◆ **Work instructions**: In your answer, repeat each line of the data exactly.

◆ **Source records**:
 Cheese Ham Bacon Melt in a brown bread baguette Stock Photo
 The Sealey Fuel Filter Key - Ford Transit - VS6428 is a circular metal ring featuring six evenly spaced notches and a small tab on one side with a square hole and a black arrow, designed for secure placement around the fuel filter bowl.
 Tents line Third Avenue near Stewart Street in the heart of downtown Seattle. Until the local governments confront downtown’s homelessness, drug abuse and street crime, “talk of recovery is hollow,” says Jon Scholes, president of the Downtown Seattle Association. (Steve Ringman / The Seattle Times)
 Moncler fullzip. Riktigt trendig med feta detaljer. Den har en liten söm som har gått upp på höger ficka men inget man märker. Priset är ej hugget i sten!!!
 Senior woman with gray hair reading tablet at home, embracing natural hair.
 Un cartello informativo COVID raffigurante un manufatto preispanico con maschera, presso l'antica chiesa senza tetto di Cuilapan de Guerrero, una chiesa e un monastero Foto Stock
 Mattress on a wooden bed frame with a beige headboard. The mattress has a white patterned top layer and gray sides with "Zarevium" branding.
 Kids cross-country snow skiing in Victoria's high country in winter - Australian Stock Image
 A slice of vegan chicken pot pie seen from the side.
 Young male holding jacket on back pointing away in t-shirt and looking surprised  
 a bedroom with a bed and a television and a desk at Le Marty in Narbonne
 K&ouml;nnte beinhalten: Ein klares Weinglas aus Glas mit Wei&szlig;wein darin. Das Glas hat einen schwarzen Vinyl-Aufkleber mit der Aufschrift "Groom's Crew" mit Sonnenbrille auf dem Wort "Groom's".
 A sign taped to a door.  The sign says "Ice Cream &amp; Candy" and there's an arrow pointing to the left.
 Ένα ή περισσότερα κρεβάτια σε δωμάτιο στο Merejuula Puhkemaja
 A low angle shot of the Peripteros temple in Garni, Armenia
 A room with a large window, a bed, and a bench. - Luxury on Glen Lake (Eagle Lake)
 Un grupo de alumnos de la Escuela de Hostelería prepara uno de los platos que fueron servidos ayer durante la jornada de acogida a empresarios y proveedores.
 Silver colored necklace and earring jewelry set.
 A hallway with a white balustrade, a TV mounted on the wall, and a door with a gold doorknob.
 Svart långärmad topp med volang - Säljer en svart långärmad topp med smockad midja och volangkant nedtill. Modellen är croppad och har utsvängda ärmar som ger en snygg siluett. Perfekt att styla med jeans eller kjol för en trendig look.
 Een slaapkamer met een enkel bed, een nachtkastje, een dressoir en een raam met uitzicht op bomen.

◆ **Result below**:
 Cheese Ham Bacon Melt in a brown bread baguette Stock Photo
 The Sealey Fuel Filter Key - Ford Transit - VS6428 is a circular metal ring featuring six evenly spaced notches and a small tab on one side with a square hole and a black arrow, designed for secure placement around the fuel filter bowl.
 Tents line Third Avenue near Stewart Street in the heart of downtown Seattle. Until the local governments confront downtown’s homelessness, drug abuse and street crime, “talk of recovery is hollow,” says Jon Scholes, president of the Downtown Seattle Association. (Steve Ringman / The Seattle Times)
 Moncler fullzip. Riktigt trendig med feta detaljer. Den har en liten söm som har gått upp på höger ficka men inget man märker. Priset är ej hugget i sten!!!
 Senior woman with gray hair reading tablet at home, embracing natural hair.
 Un cartello informativo COVID raffigurante un manufatto preispanico con maschera, presso l'antica chiesa senza tetto di Cuilapan de Guerrero, una chiesa e un monastero Foto Stock
 Mattress on a wooden bed frame with a beige headboard. The mattress has a white patterned top layer and gray sides with "Zarevium" branding.
 Kids cross-country snow skiing in Victoria's high country in winter - Australian Stock Image
 A slice of vegan chicken pot pie seen from the side.
 Young male holding jacket on back pointing away in t-shirt and looking surprised  
 a bedroom with a bed and a television and a desk at Le Marty in Narbonne
 K&ouml;nnte beinhalten: Ein klares Weinglas aus Glas mit Wei&szlig;wein darin. Das Glas hat einen schwarzen Vinyl-Aufkleber mit der Aufschrift "Groom's Crew" mit Sonnenbrille auf dem Wort "Groom's".
 A sign taped to a door.  The sign says "Ice Cream &amp; Candy" and there's an arrow pointing to the left.
 Ένα ή περισσότερα κρεβάτια σε δωμάτιο στο Merejuula Puhkemaja
 A low angle shot of the Peripteros temple in Garni, Armenia
 A room with a large window, a bed, and a bench. - Luxury on Glen Lake (Eagle Lake)
 Un grupo de alumnos de la Escuela de Hostelería prepara uno de los platos que fueron servidos ayer durante la jornada de acogida a empresarios y proveedores.
 Silver colored necklace and earring jewelry set.
 A hallway with a white balustrade, a TV mounted on the wall, and a door with a gold doorknob.
 Svart långärmad topp med volang - Säljer en svart långärmad topp med smockad midja och volangkant nedtill. Modellen är croppad och har utsvängda ärmar som ger en snygg siluett. Perfekt att styla med jeans eller kjol för en trendig look.
 Een slaapkamer met een enkel bed, een nachtkastje, een dressoir en een raam met uitzicht op bomen.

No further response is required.